Valor Econômico
Ritmo de corte de 25 pontos-base permitiria uma sintonia fina dos juros e uma maior sincronia com o esperado início do ciclo de cortes nos EUA, Reino Unido e zona do euro
A estrutura a termo da taxa de juros de 8 de
março embute corte da taxa Selic nas reuniões do Copom de 52 pontos-base (pb)
em março, 45 pb em maio, 36 pb em junho, 22 pb em julho e 12 pb em setembro,
alcançando 9,43% no fim do ano. Já o relatório Focus da mesma data indica
redução de juros de 50 pb por seguidas reuniões, com a taxa Selic alcançando 9%
em dezembro.
Alguns participantes do mercado têm defendido um afrouxamento monetário mais acelerado ou, ao menos, por um período mais prolongado. Apesar da recente inflação ao consumidor ligeiramente mais alta, o argumento é de que essa estratégia ainda manteria a taxa Selic em patamar contracionista, sem pressionar a inflação e, portanto, sem trazer riscos relevantes para sua convergência para o centro da meta de 3%.

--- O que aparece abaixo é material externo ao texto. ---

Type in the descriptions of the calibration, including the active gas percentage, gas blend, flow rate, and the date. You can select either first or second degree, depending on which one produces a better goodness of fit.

Um maior corte de juros é condizente com a
expectativa de uma taxa de câmbio relativamente estável e de um repasse
significativo da deflação no atacado para a inflação IPCA, resultando em
projeção para 2024 significativamente inferior ao consenso atual de 3,8%. Sob
esse ponto de vista, a taxa Selic poderia recuar para um patamar ligeiramente
acima de 7,5% a 8%, correspondente à suposta taxa de juros natural real entre
4% e 4,5% acrescida das projeções de inflação IPCA de 3,5% para os próximos
anos.
Mesmo sendo argumentos razoáveis, tenho
leitura diferente sobre a melhor resposta monetária.

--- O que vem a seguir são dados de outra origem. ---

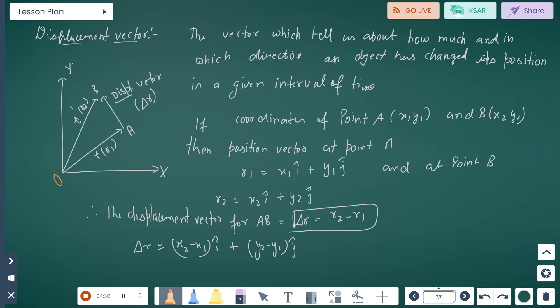Displacement vector: starting from the origin, the position at time t is r1 and at time t' is r2. The displacement vector delta r is the vector which tells us how much and in which direction an object has changed its position — how much and in which direction — in a given interval of time.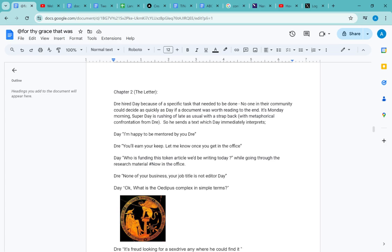Day says: 'I'm happy to be mentored by you, Dre.' Dre responds: 'You earn your keep. Let me know once you get in the office.' Now Day's in the office. They say: 'Who is funding this token article we'll be writing today?' while going through the research material.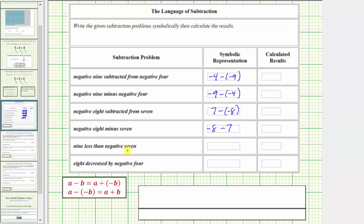Next we have 9 less than negative 7. We begin with negative 7. We want 9 less than negative 7, which means we subtract 9. And finally we have 8 decreased by negative 4. We begin with 8, and because we want to decrease this by negative 4, we need to subtract negative 4.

Apesar do seu declínio gradual desde meados
de 2022, a inflação IPCA continua acima do centro da meta para todo o horizonte
de previsão. Embora também venham recuando, a inflação de serviços e a sua
medida subjacente - índices mais sensíveis à atividade - permanecem muito
altas. A cautela na gestão monetária, com a permanência da taxa Selic acima do
seu patamar neutro por um período mais longo é, portanto, indispensável.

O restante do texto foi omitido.